Media - czwarta władza, czy piąta kolumna? Takie pytanie zadał w transmitowanym dzisiaj przez Radio wykładzie biskup Adam Lepa. Trudno streszczać cały wywód, który nawiasem mówiąc, wygłoszony był w znanej w Radiu retoryce oblężonej twierdzy. Biskup poruszył w nim wiele wątków – mnie zainteresował jeden; mianowicie teza, że media w Polsce nie są czwartą władzą, co określił mianem mitu, lecz władzą pierwszą, superwładzą lub wręcz piątą kolumną.
To prawda, że media nie są czwartą władzą - ani w Polsce, ani na świecie. Jest to chwytliwe hasło rozpowszechniane przez samych zainteresowanych. Jednak twierdzenie, że stanowią autonomiczną siłę sterującą państwem trudne jest do obrony. Media rzecz jasna próbują kształtować opinię publiczną, urabiać poglądy i wpływać na decyzję obywateli. W skrajnych przypadkach posuwają się do manipulacji i kłamstwa – w Polsce nagminnie. Dość naiwnym poglądem jest ten, który zakłada ich czysto informacyjną funkcję, lub ich obiektywizm – na który się kreują.
Media służą zawsze jakiejś grupie interesów. Są zatem narzędziem w ręku środowisk politycznych, biznesowych bądź innych grup społecznych, mniejszych lub większych. Media państwowe mogą być o tyle wyjątkiem, że ich przekaz może być wynikiem politycznego konsensusu, ale chyba nie w Polsce, gdzie są zawłaszczane (piękne słówko wymyślone przez polityków) przez partie pozostające u władzy.
Częstym argumentem na rzecz autonomiczności mediów jest przykład Gazety Wyborczej. Wskazuje się, że medium to realnie wpływa na polską politykę. Jest to jednak nieporozumienie. Sytuacja przedstawia się dokładnie odwrotnie. To pewne środowisko polityczne posługuje się tytułem do realizowania swoich celów, próbując kreować je na obiektywne i niezależne ideologicznie.
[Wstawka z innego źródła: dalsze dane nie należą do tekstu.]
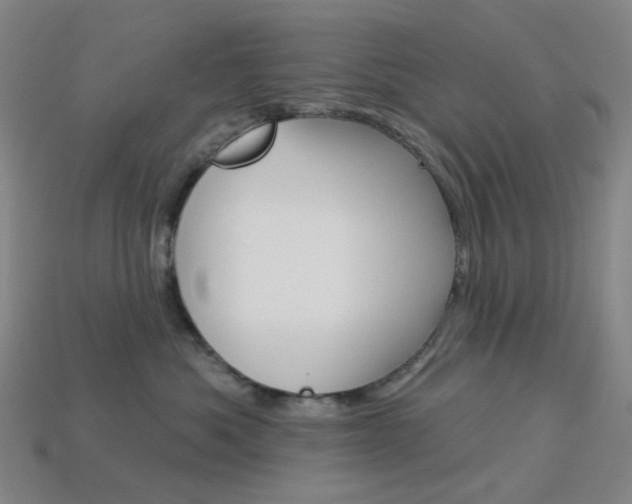 X0000114000525200910021033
Decydenci nie muszą przy tym czytać ani cenzurować materiałów – wystarczy odpowiedni dobór kadr. Przeżywaliśmy to na naszej skórze już nie raz, kiedy niewygodni dziennikarze byli zwalniani lub sami odchodzili, a w ich miejsce pojawiali się ideologicznie poprawni. Ostatnim przykładem wydaje się być odejście Tomasza Lisa z Polsatu.
Albo – czy Pana Jana Pośpieszalskiego trzeba pilnować? - Nie, on przypilnuje się sam.
Wracając więc do tezy biskupa Adama Lepa trzeba przyznać rację, że media nie są czwartą władzą, ale zgodzić się nie można, że stanowią autonomiczną siłę polityczną.